- Location: M. Chinnaswamy Stadium Bangalore, Karnataka, India
- Date: 17 April 2010 15:15 and 15:30 (UTC+5:30)
- Attack type: Bombings
- Weapons: 3 time-triggered IEDs
- Injured: 15
- Perpetrators: Indian Mujahideen
- Accused: 14
- Verdict: 7 years imprisonment (for 3 facilitators)
- Convicted: 3

= 2010 Bangalore stadium bombing =

2010 terrorist incident in Bangalore, India

2010 Bangalore stadium bombing occurred on 17 April 2010 in M. Chinnaswamy Stadium, Bangalore, India before a 2010 Indian Premier League match between the Royal Challengers Bangalore and Mumbai Indians. Two bombs exploded around a heavily packed cricket stadium, in which fifteen people were injured. A third bomb was defused outside the stadium. According to the Bangalore City Police, the blasts were caused by low-intensity crude bombs made of powergel, which is used in quarrying, and were triggered by timers. On 18 April, two more bombs were located near the stadium during search operations.

Yasin Bhatkal of the Indian Mujahideen is the prime accused in the case, among 14 others, 7 of whom have been apprehended.
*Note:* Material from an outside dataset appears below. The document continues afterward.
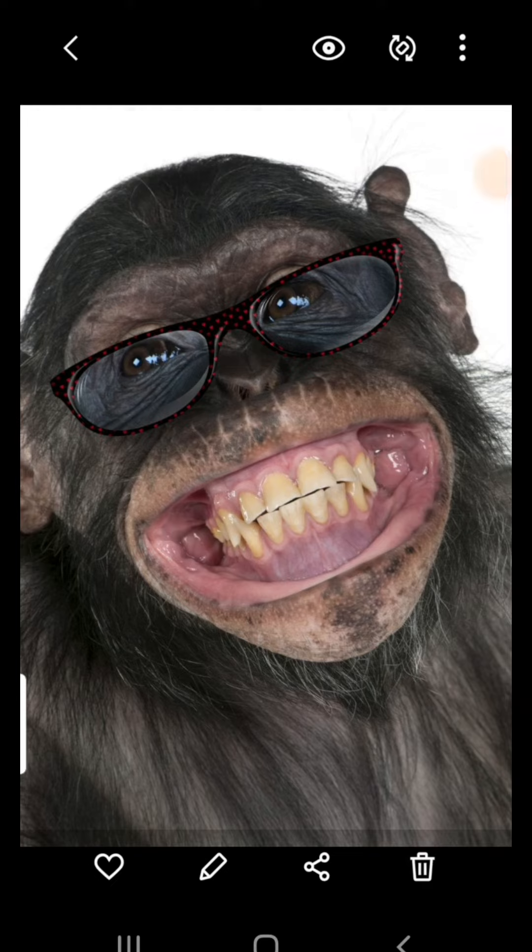Hey YouTube fam, this is a quick one to check if any of your videos has been struck with copyright. Let's go.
Another of the accused, Mohammad Qateel Siddiqui, also of the Indian Mujahideen, was killed by inmates at the Yerawada Central Jail for his alleged involvement in the attack.

In July 2018, a National Investigation Agency special court convicted and sentenced 3 of the 14 accused, Gowhar Aziz Khomani, Kamaal Hasan, and Mohammad Kafeel Akhtar (all from Bihar), to seven years in jail after they pleaded guilty. They had conspired and facilitated the terrorists who then prepared and planted the explosives.

==Background==
Bengaluru is the information technology hub of India, with more than 40% of the country's IT and software industry based there. In July 2008, Bangalore had suffered serial blasts. India had also suffered from a series of blasts in Jaipur, in May 2008.

== The bombings ==
The stadium was filled with spectators watching a popular cricket tournament. An hour before the start of the match, two bombs exploded and a third bomb was found and defused outside the stadium. According to witnesses, there was a loud sound and people started running. After the bomb blast, police secured the area and the Twenty20 cricket match between the home team, Royal Challengers Bangalore, and Mumbai Indians, started an hour late, at 17:00 IST.

== Casualties ==
Initial reports indicated that ten people had been injured. The number of injured later increased to fifteen, including five security men.

==Investigations==
Preliminary investigations soon after the event showed that a timer device had been used for the bombings. The police commissioner of Bangalore, Shankar Bidari, said that it was a "minor bomb blast" and that investigations were "in full swing" to find out who was responsible.

=== Abdul Naseer Madani===
In August 2010, People's Democratic Party chairman Abdul Naseer Madani admitted involvement in the bombing. Karnataka home minister VS Acharya said that there was "an indirect involvement in a blast outside Chinnaswamy stadium," that a clearer picture would emerge in a couple of days, and that "more arrests are likely and inquiry may reveal more names." Madani was arrested on 17 August in Kollam in connection with the 2008 Bangalore serial blasts case.

== Impact ==
The Bangalore stadium blasts necessitated the shifting of two Indian Premier League matches from Bangalore to Mumbai.